Scottish Budget to increase but pressures on spending continue to rise: Fraser of Allander Scotland's Budget Report 2018

Institute calls for a frank debate about the future of public services and taxation in Scotland

  • Analysis shows that the outlook for the Scottish budget has improved since last year, but many portfolios will continue to face a tough financial squeeze.
  • Some of the uplift to the budget flowing from new consequentials at last month’s UK Budget are likely to be offset by weak income tax forecasts from the Scottish Fiscal Commission.
  • Overall the size of the Scottish budget is unlikely to be much different in 2019/20 compared to 2018/19. But the budget will still be lower by the end of the current parliamentary term than in 2010 – a cut of around 7% in per capita terms.
  • The report’s authors argue that with spending on the NHS likely to account for £1 of every £2 of the Scottish resource budget by the start of the next decade – and with ever growing pressures on health spending from an ageing population – an urgent debate is needed about future priorities for tax and spending in Scotland.
  • Further tweaks to income tax are possible, but the government will – in time – need to consider a wider range of options to raise revenue and/or take a more strategic look at areas of the public sector where cutbacks will have to be made, no matter how politically challenging.
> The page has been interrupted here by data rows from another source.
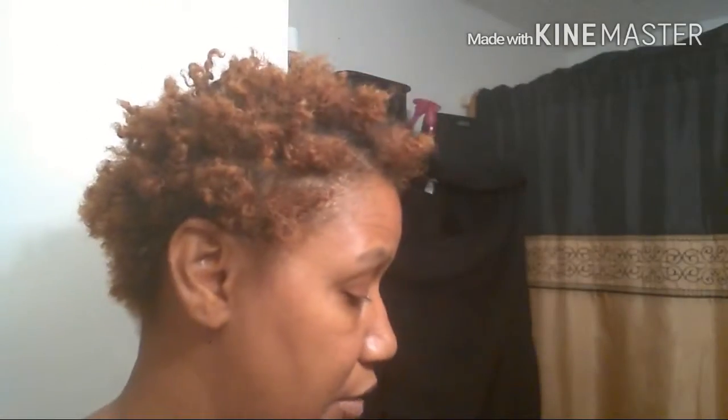Hi guys, this is me, this is my life, and I'm back with another video. I just took some braids out of my hair — I was able to keep those braids in for three weeks. This is why it looks like this; it's very very dirty so I'm going to wash my hair.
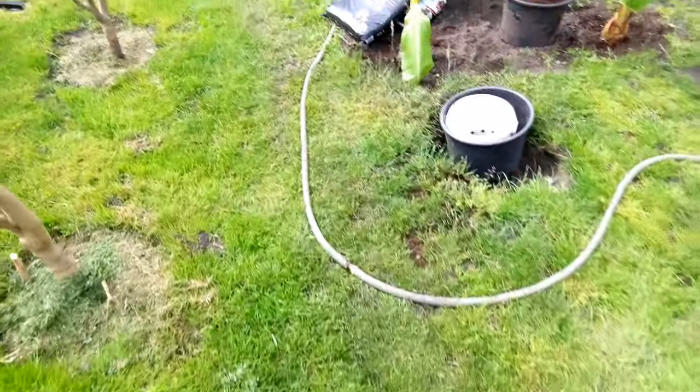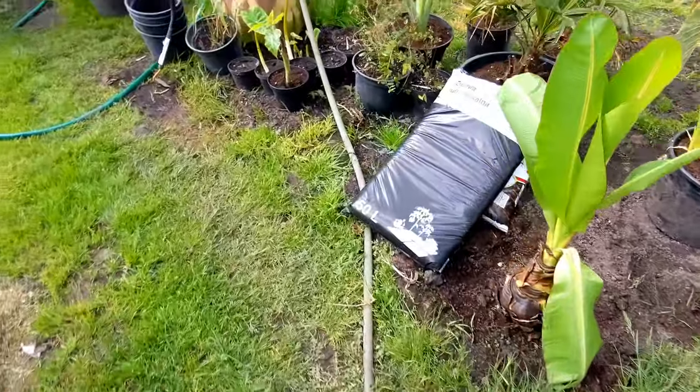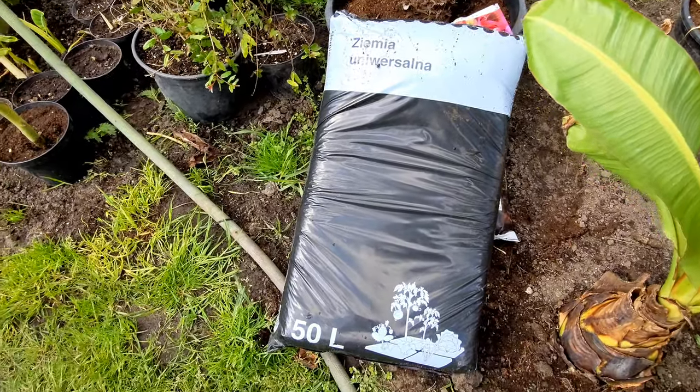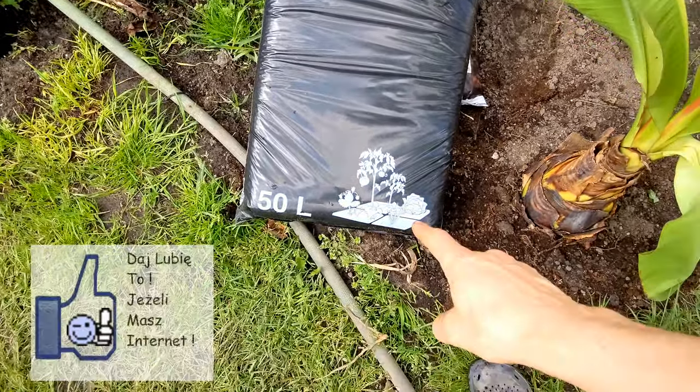Jaką ziemię dałem? Pewnie też was to interesuje. Taka z kastoramy — za 11 czy 12 złotych ziemia uniwersalna. Do kwiatów, warzyw i tak dalej.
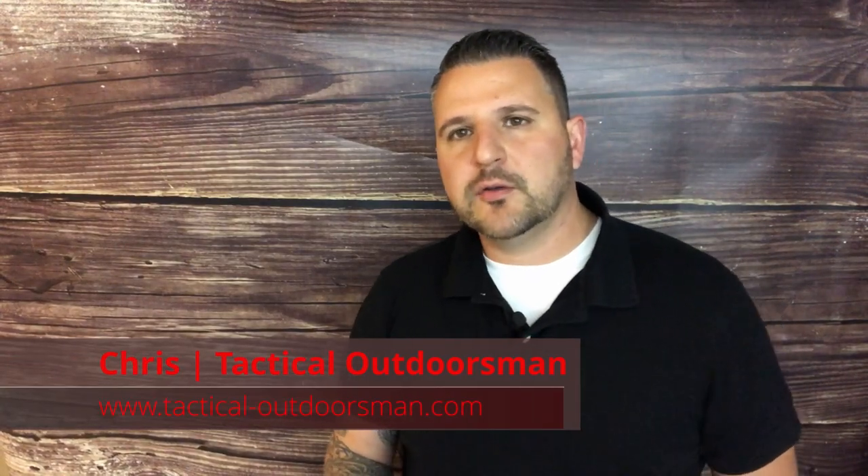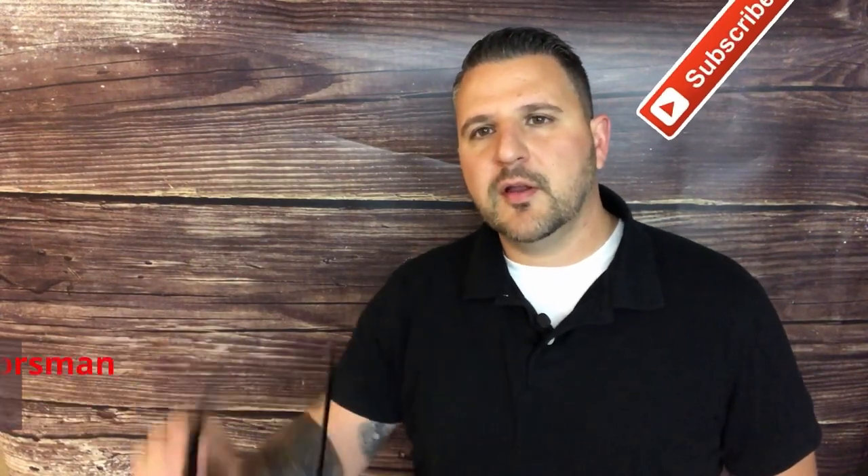What's going on guys? Chris here from Tactical Outdoorsman. Today we're going to be talking about the Summit eye protection from Magpul.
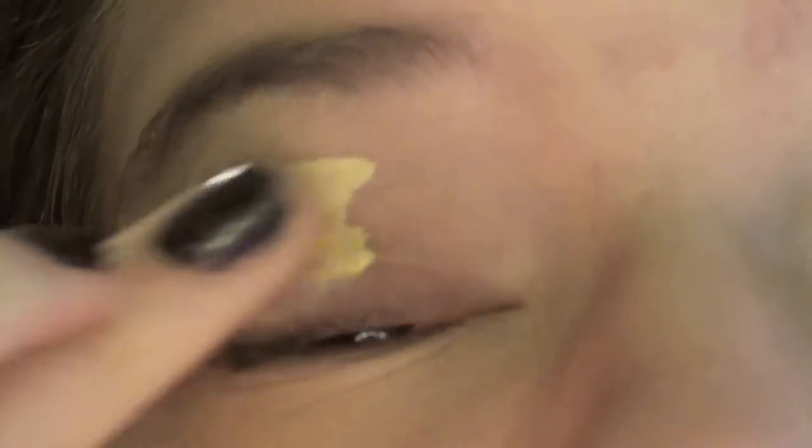It's so pretty. So first I'm going to take my Urban Decay Primer Potion Eden, like I always do, and blend that with my finger.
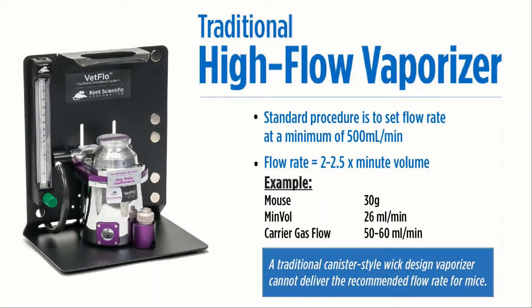Traditional vaporizers also require annual calibration. Because of the pressurized chamber, the gaskets wear out over time, requiring annual service and calibration to ensure that they deliver accurate anesthesia to your rodents.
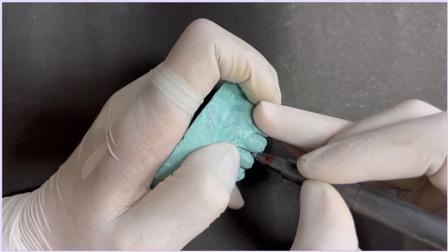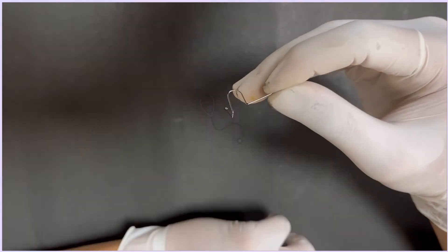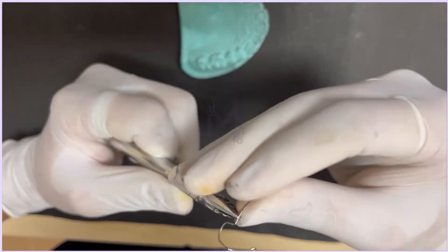Mark a point on the active arm slightly below the contact point between the first premolar and the canine. Bend this wire at a right angle so that it rests on the buccal surface of the canine. Adapt this active arm to the canine by using the universal plier.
The outlook for the Scottish budget over the remaining years of the parliament has improved since last year, following the announcement of significant Barnett Formula consequentials in last month’s UK Budget, according to the Fraser of Allander Institute.

However, the Institute also cautions that some of this improvement is likely to be offset by weaker income tax forecasts should the Scottish Fiscal Commission continue with their relatively pessimistic outlook for Scotland’s public finances.

Despite this, the Scottish budget on a like-for-like basis is now projected to rise by 3% between 2018/19 and the end of the parliament. But it will remain below its 2010/11 peak and, in per capita terms, it will be around 7% lower than it was at the start of the austerity period.

Professor Graeme Roy, Director of the Fraser of Allander Institute said, “Whilst the outlook for public spending in Scotland next year has improved compared to what Mr Mackay will have been planning for this time last year, for many parts of the public sector austerity will be far from over.”

“Public spending since 2010 has been focused on core areas of health, education and social care. This pattern is set to continue and whilst the outlook for unprotected areas has improved, further cuts cannot be avoided.”

The report’s authors find that – based on current plans of both the UK and Scottish Governments – health spending will account for almost 50% of the Scottish Government’s resource budget by the end of this parliament, if not before.

This trend is only likely to continue, with any further increases in health spending to meet projected growth in demand, only leading to an even tighter squeeze elsewhere.

Faced with such an outlook, the report considers options to help deliver greater sustainability to Scotland’s devolved public finances.

David Eiser, the report’s lead author added, “Over time, such incremental changes to spending priorities are amounting to a substantial change in the distribution of the Scottish budget.

“In the last two Scottish budgets, the Finance Secretary raised money from income tax. These changes have been progressive across the distribution, but opened up a tax differential with the rest of the UK that is increasingly visible for Scotland’s 14% highest income taxpayers.

“Income tax choices will be hotly debated again this year, with the Finance Secretary likely to come under pressure to at least partly close the income tax gap with the rest of the UK. But this would come with a big price tag. Matching the UK Higher Rate Threshold of £50,000 would cost around £280 million.

“The Finance Secretary does have other options to raise revenue, but may need to consider bolder ideas over the longer-term. Perhaps given the parliamentary arithmetic, 2019/20 will be the year we see steps towards genuine reform of local taxation.

“Austerity may be ending, but the Scottish Government will still face challenging decisions on revenue raising and the distribution of expenditure.”